Re: (bug report) HWMON & Thermal interactions #forregzbot
From: Thorsten Leemhuis
Date: Mon Oct 24 2022 - 06:18:17 EST
[Note: this mail is primarily send for documentation purposes and/or for
regzbot, my Linux kernel regression tracking bot. That's why I removed
most or all folks from the list of recipients, but left any that looked
like a mailing lists. These mails usually contain '#forregzbot' in the
subject, to make them easy to spot and filter out.]
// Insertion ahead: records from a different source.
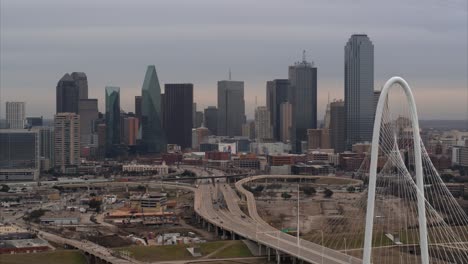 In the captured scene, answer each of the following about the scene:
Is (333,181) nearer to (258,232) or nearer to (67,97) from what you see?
(258,232)

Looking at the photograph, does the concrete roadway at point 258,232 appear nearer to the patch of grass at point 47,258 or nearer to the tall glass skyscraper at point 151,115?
the patch of grass at point 47,258

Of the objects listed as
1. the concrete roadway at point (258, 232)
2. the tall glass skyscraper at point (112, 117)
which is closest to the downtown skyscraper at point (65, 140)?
the tall glass skyscraper at point (112, 117)

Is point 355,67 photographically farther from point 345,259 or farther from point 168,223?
point 345,259

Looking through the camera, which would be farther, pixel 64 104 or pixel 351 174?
pixel 64 104

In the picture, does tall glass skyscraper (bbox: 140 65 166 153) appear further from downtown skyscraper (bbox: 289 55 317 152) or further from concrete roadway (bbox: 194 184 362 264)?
concrete roadway (bbox: 194 184 362 264)

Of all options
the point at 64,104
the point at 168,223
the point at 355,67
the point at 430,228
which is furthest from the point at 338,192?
the point at 64,104

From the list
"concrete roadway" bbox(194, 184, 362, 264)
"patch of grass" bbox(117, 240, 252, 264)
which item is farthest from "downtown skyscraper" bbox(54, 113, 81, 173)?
"patch of grass" bbox(117, 240, 252, 264) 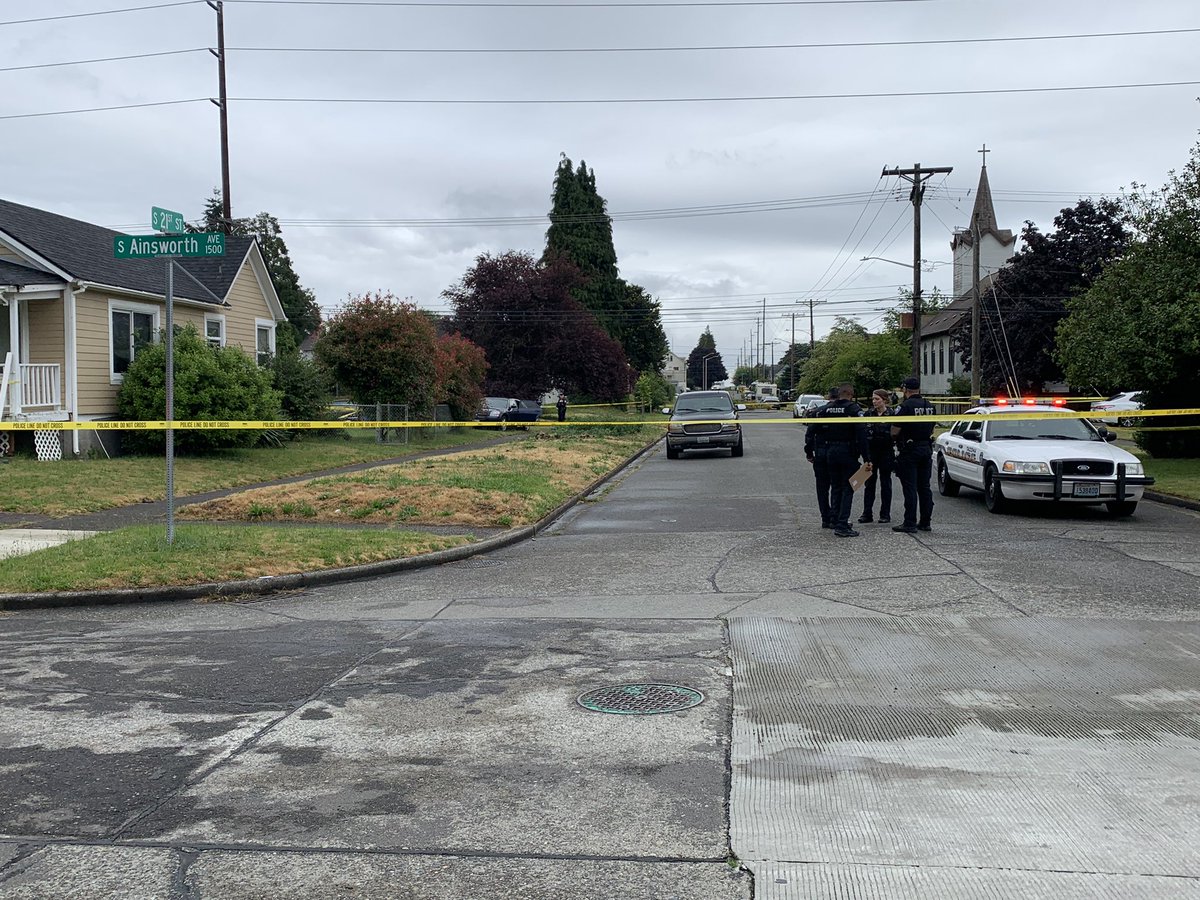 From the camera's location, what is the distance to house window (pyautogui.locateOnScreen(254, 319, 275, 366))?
103 ft

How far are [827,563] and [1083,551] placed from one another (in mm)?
2909

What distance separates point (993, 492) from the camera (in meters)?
15.1

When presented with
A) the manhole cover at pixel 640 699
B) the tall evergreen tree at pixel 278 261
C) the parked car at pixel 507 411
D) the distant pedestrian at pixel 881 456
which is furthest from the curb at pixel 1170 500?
the tall evergreen tree at pixel 278 261

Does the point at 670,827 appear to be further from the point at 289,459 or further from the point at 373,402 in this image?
A: the point at 373,402

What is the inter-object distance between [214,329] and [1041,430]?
72.9 feet

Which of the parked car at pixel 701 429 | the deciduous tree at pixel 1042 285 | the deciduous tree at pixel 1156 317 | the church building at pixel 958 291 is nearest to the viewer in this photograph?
the deciduous tree at pixel 1156 317

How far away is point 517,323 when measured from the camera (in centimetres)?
5303

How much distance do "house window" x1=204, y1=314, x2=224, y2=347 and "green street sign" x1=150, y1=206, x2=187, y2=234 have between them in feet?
62.1

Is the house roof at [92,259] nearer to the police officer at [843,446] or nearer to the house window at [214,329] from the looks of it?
the house window at [214,329]

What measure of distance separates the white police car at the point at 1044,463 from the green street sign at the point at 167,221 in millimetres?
10717

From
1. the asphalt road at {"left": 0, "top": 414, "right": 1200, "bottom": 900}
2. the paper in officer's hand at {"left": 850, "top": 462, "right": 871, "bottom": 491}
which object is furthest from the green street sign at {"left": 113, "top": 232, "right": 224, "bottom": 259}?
the paper in officer's hand at {"left": 850, "top": 462, "right": 871, "bottom": 491}

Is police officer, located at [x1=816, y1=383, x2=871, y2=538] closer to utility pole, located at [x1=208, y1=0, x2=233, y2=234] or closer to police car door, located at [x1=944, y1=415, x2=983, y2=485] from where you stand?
police car door, located at [x1=944, y1=415, x2=983, y2=485]

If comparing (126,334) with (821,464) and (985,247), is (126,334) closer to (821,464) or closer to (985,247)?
(821,464)

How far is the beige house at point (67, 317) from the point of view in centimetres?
2180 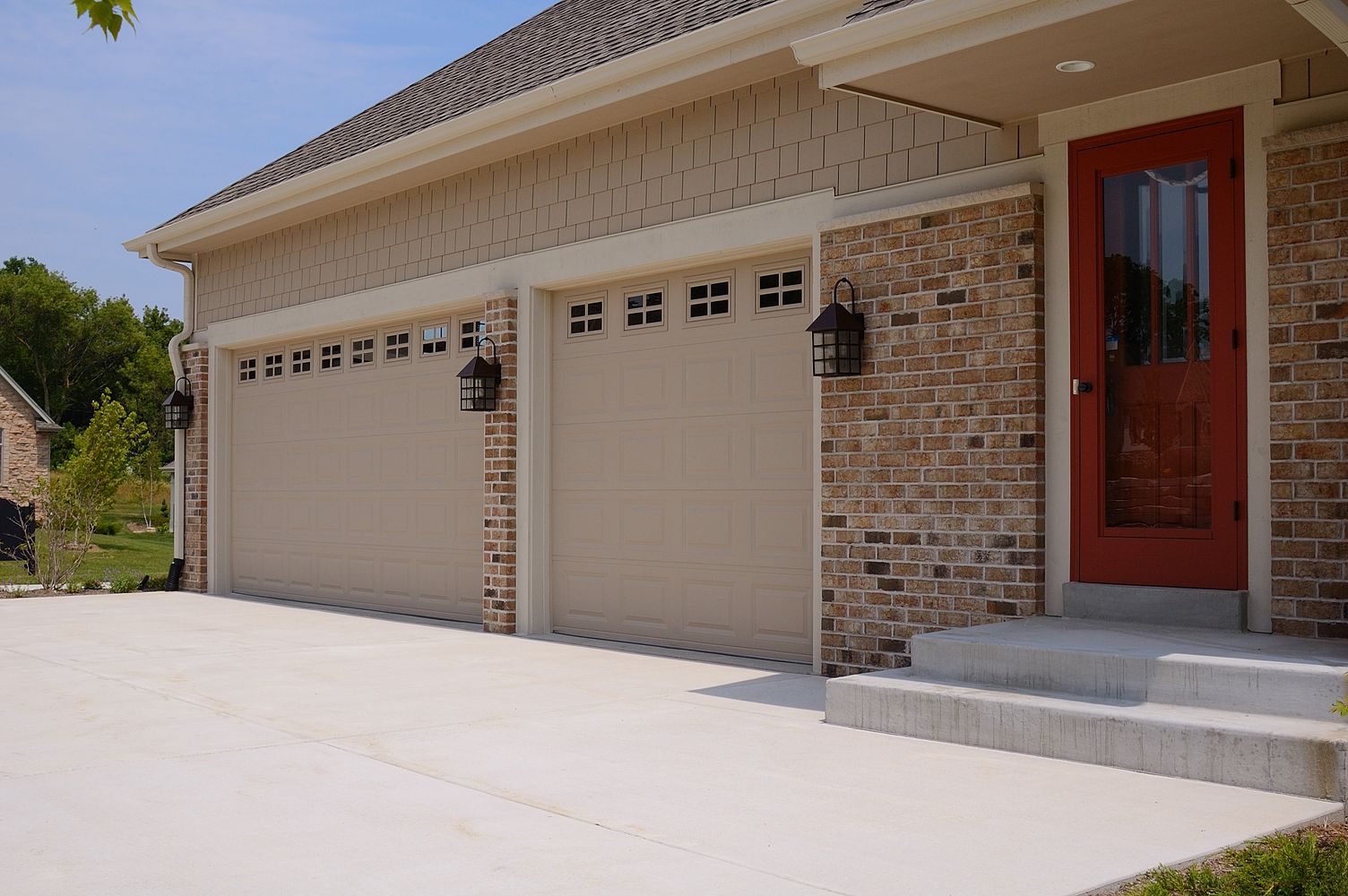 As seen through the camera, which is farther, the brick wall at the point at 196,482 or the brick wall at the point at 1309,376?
the brick wall at the point at 196,482

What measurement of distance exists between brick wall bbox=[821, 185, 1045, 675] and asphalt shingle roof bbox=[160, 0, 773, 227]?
2.01m

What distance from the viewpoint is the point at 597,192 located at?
9.41 metres

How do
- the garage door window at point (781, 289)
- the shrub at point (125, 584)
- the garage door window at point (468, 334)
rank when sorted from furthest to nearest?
the shrub at point (125, 584) → the garage door window at point (468, 334) → the garage door window at point (781, 289)

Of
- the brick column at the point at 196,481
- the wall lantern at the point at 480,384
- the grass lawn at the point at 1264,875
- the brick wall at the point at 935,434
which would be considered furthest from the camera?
the brick column at the point at 196,481

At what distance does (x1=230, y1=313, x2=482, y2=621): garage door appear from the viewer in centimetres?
1088

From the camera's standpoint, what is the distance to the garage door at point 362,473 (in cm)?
1088

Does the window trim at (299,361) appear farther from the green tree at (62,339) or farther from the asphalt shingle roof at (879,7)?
the green tree at (62,339)

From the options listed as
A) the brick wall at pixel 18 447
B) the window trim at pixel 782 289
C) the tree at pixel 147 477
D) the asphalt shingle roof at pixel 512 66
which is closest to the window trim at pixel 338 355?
the asphalt shingle roof at pixel 512 66

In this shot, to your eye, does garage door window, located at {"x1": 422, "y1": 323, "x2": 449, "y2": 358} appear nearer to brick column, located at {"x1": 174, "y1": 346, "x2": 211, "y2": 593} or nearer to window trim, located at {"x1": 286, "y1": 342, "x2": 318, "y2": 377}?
window trim, located at {"x1": 286, "y1": 342, "x2": 318, "y2": 377}

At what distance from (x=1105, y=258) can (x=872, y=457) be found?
5.75ft

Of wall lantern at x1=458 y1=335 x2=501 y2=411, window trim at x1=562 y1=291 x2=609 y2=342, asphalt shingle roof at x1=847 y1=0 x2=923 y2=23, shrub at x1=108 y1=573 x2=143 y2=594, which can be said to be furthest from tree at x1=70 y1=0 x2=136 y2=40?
shrub at x1=108 y1=573 x2=143 y2=594

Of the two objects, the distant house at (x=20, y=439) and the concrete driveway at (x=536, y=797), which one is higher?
the distant house at (x=20, y=439)

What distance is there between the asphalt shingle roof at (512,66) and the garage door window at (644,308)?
5.55 ft

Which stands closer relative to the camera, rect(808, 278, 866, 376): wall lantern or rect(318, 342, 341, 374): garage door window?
rect(808, 278, 866, 376): wall lantern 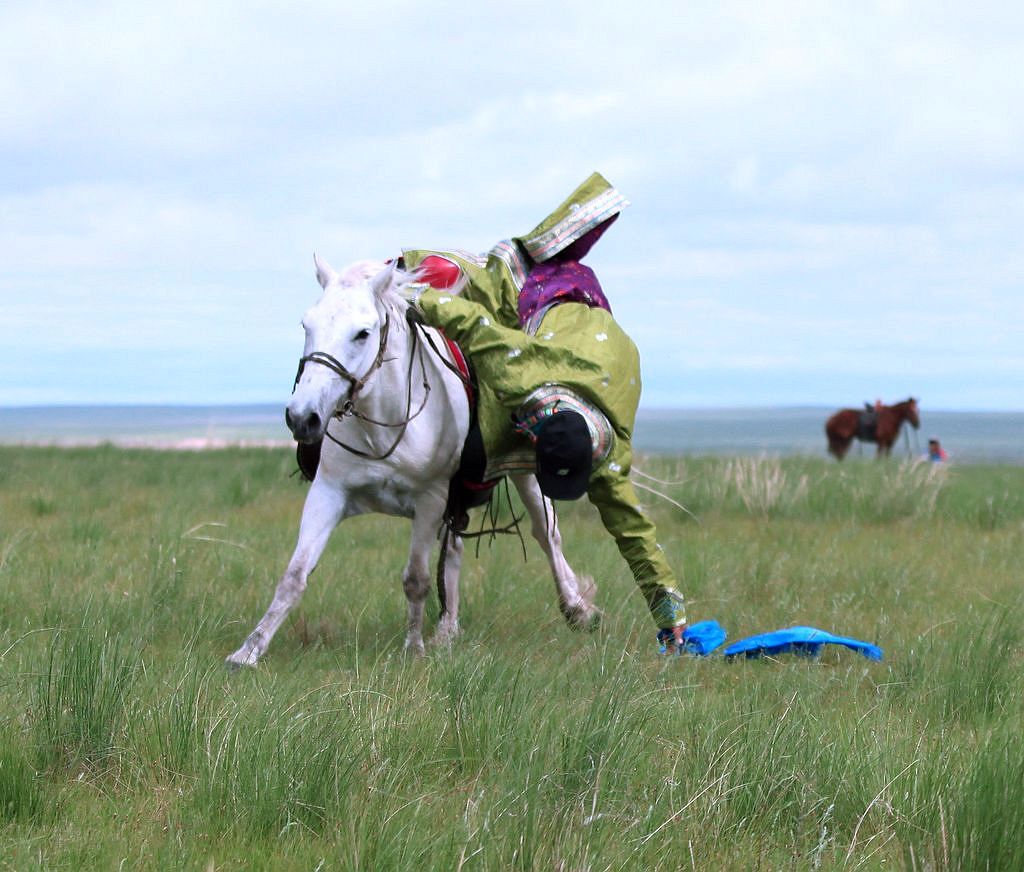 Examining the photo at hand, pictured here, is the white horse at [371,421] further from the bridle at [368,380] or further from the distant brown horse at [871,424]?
the distant brown horse at [871,424]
[TLDR: I'm adding this regression report to the list of tracked
regressions; all text from me you find below is based on a few templates
paragraphs you might have encountered already already in similar form.]
Hi, this is your Linux kernel regression tracker. CCing the regression
mailing list, as it should be in the loop for all regressions, as
explained here:
https://www.kernel.org/doc/html/latest/admin-guide/reporting-issues.html
On 23.10.22 20:27, Cristian Marussi wrote:
>
> Starting with v6.1-rc1 the SCMI HWMON driver failed probing on my JUNO due
> to the fact that no trip points were (ever !) defined in the DT; bisecting it
> looks like that after:
Thanks for the report. To be sure below issue doesn't fall through the
cracks unnoticed, I'm adding it to regzbot, my Linux kernel regression
tracking bot:
#regzbot ^introduced e51813313
#regzbot title SCMI HWMON driver failed probing on JUNO
#regzbot ignore-activity
This isn't a regression? This issue or a fix for it are already
discussed somewhere else? It was fixed already? You want to clarify when
the regression started to happen? Or point out I got the title or
something else totally wrong? Then just reply -- ideally with also
telling regzbot about it, as explained here:
https://linux-regtracking.leemhuis.info/tracked-regression/
Reminder for developers: When fixing the issue, add 'Link:' tags
pointing to the report (the mail this one replies to), as explained for
in the Linux kernel's documentation; above webpage explains why this is
important for tracked regressions.
Ciao, Thorsten (wearing his 'the Linux kernel's regression tracker' hat)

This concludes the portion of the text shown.